Result: Mr. Cost made a motion to recommit the legislation so that it could be improved upon so as to tighten the penalties. Mrs. Floyd seconded. The motion failed when President Ellington voted against it in a tie breaker (note: Mr. Johnson, who supported repeal, voted for the motion, but his vote in favor was surprisingly countered by Mr. Bubb’s vote against it despite his own opposition to repeal). Further commentary involved Mr. Fraizer pointing out that repeal tonight could mark a “first piece”, and does not preclude future action to improve upon the law. Rath reminded everyone of when it was promised (by Mr. Guthrie, though he was not mentioned by name) last year that this proposal would be reviewed and resubmitted, but such promises were left unmet. Soon after a number of others chimed in again, the vote came down to a tie (with the opposed being Rolletta, Hall, Floyd, Cost, and Bubb and those supporting being Rath, Fraizer, Blake, Johnson, and Marmie). President Ellington noted that this had been a tough decision for him as he has contemplated it over the past year. He ultimately voted in favor of repeal to break the tie.
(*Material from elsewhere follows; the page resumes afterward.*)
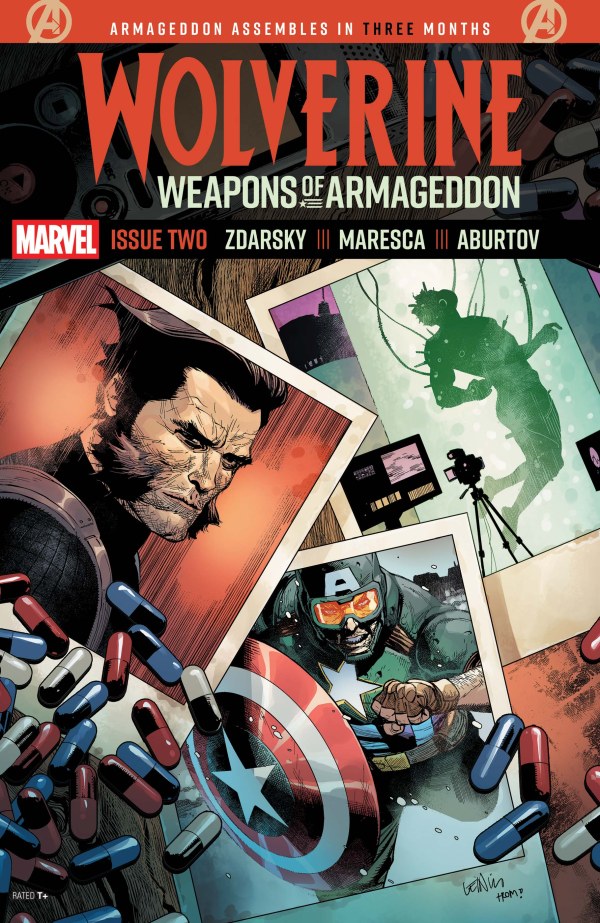Cover of Wolverine: Weapons of Armageddon #2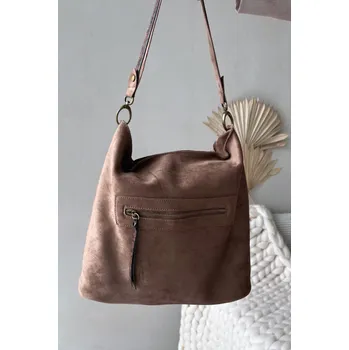 Kabelka Kabelka Boto z eko semiše Boto krémová 3456217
c. No. 16-08: closing an alley - at sixteen feet wide - located south of Linwood Avenue.
Result: Motion by Johnson, seconded by Floyd. Floyd remarked that this was an uncontroversial closure since the properties on either side of the alley had the same owner. Passes 10-0.
d. No. 16-09: closing an alley; located east of North Hazelwood Avenue.
Result: Motion by Floyd, seconded by Johnson. Floyd remarked that the same facts stand as the previous ordinance. Passes 10-0.
2) Ordinances (1st Reading):
a. No. 16-10: with an emergency clause, issuing “$2,000,000.00 of bond anticipation notes” to pay for the “Buckeye Corridor stormwater plan sewer improvements”.
Result: Motion by Rath, seconded by Bubb, no discussion, passes 10-0.
3) Resolutions (2nd Reading): a. No. 16-25: allowing Service Director Rhodes to secure a contract - without a requirement for bidding out the contract - for professional engineering services in connection with the design and construction of a Riverbank Filtration System Project.
Result: Motion by Rath, seconded by Bubb. No discussion. Passes 10-0.
b. No. 16-26: spending money. * Appropriating $10,603 awarded via a grant from the Licking County Foundation for “upgrades” to TJ Evans, Everett, and Wilson Park. * Disappropriating $500 pre-set in the general fund for a headstone. * Appropriating that $500.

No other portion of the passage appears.